Audi connected mobility concept

Audi’s connected mobility concept aims to tackle dense traffic and road restrictions. The concept car is developed at Audi Research & Development, Beijing, where it’s also making a premiere at the 2016 Beijing Auto Show. Based on the Audi Q3, it’s tailored to markets with growing urbanisation such as China and focuses on young drivers.

The key unique feature that the Q3-based concept car possesses is the electrically-powered 1,050 mm multifunctional longboard, that’s made out of carbon-fibre and aluminium. Said longboard is integrated into the rear bumper for storage. When stowed in here, the device is charged automatically.

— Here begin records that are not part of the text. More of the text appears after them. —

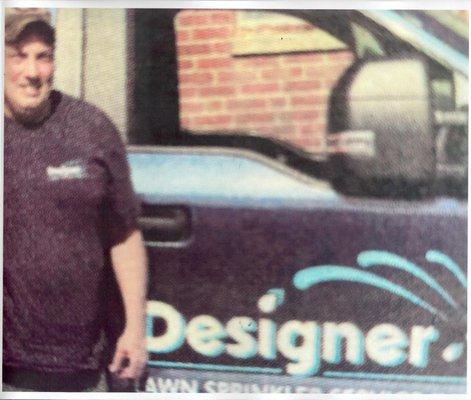 DESIGNER LAWN SPRINKLER SERVICE = SERVICE WITH A SMILE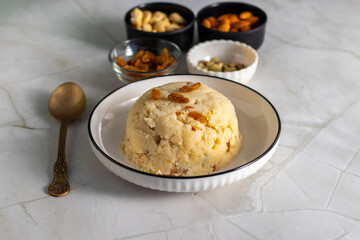 Suji ka halwa is a traditional Indian dessert made from semolina, ghee, sugar, and nuts, offering rich, sweet, aromatic flavor.
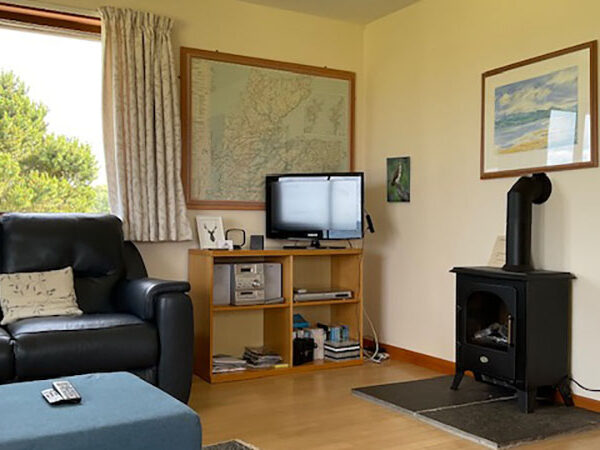 Living room with electric stove in 25 Skelbo Muir, Dornoch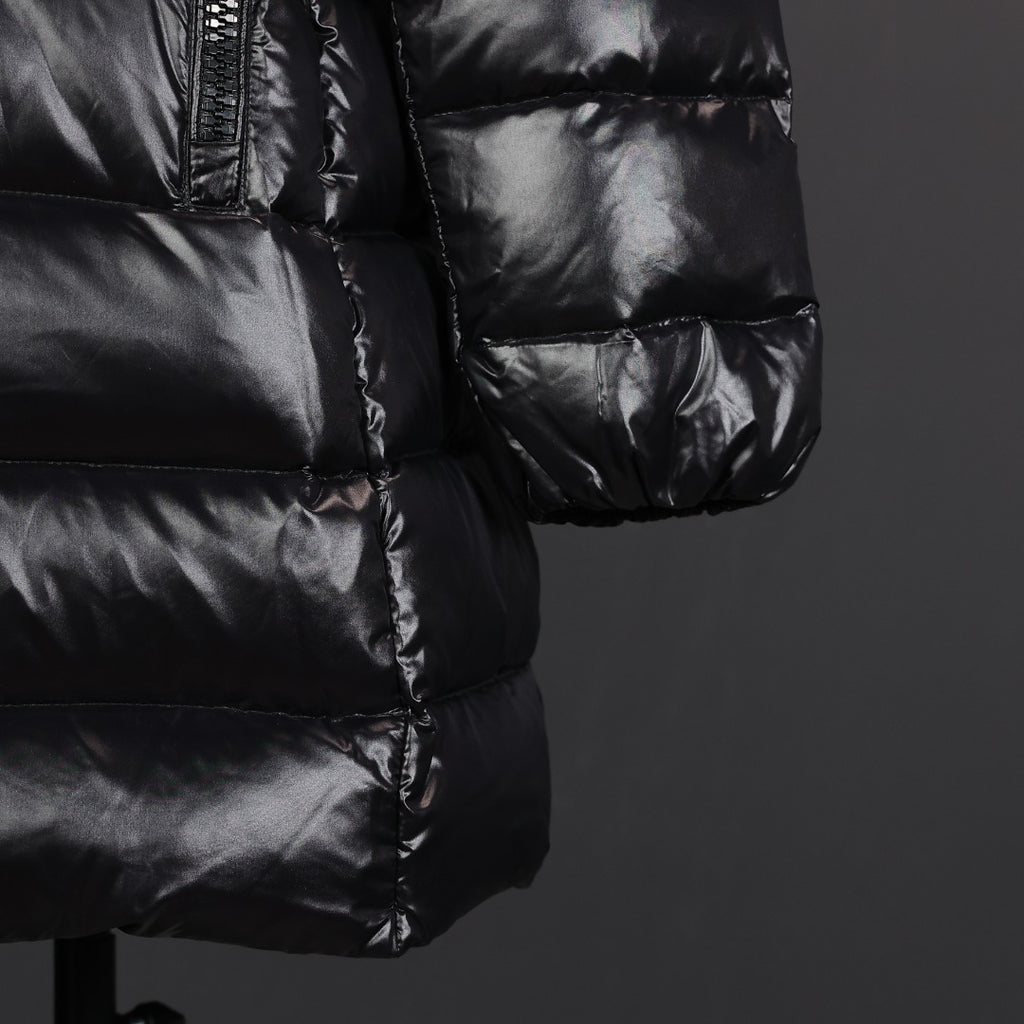 Black puffer coat sleeve cuff and lower pocket area with quilted baffles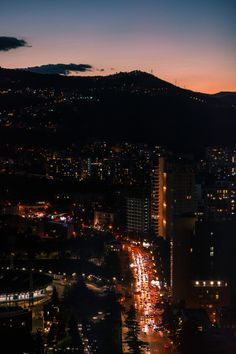 the city lights shine brightly at night in this view from atop a hill, with mountains in the background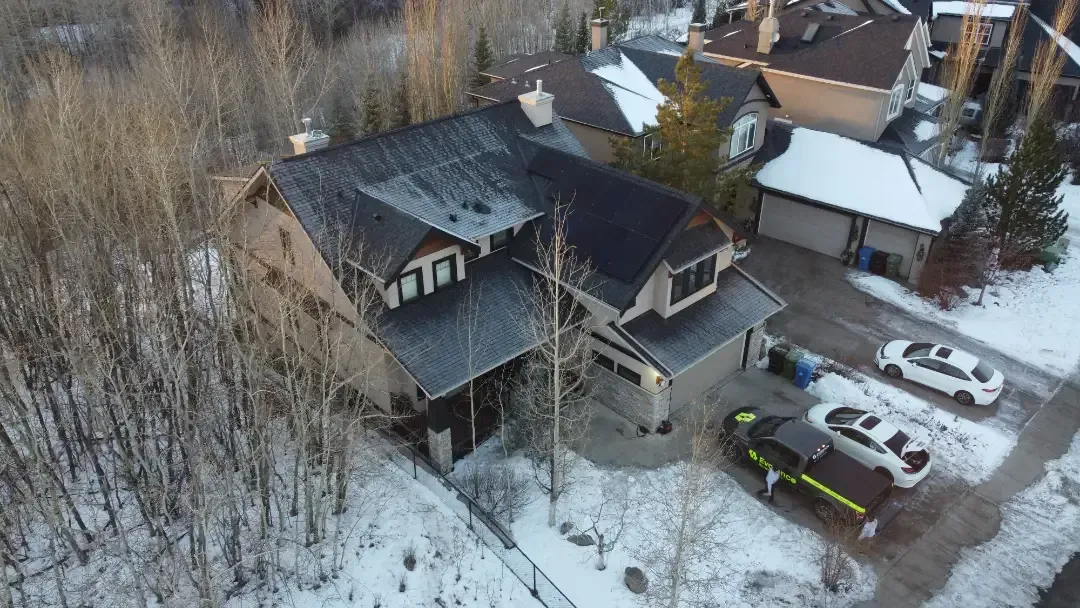 Aerial view of a two-story house with a driveway. Cars parked on snow-covered ground.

The longboard has a battery range of over 12 km and can reach a top speed of 30 km/h. It has three riding modes – scooter mode, allows for a phone to be clipped to the unfolded handlebar to display directions, while speed is adjusted via a remote control on the right handlebar grip. Here, a backpack can also be clipped to the steering rack.

In sport mode, the handlebar is folded down and the rider controls the speed with the remote in his hand. The final mode allows for the board to be turned into a transport device for luggage or shopping bags. Connected wirelessly to a smartphone or smartwatch, the board is able to follow its owner automatically.

Meanwhile, another nifty feature that stems from the connected mobility concept is the use of the car’s infotainment system, which is also linked to the smartphone calendar of the user/driver. The system can calculate the fastest way to get to a destination (either by car or longboard) based on real-time traffic data.

Should the longboard be the faster way to get there, the system will then recommend a parking space nearby for the driver to park their vehicle, therefore allowing them to commute to their destination via the longboard. Switching mobility methods, the driver-turned-rider will be guided to their destination with their smartphone as Audi MMI connect App automatically syncs navigation information.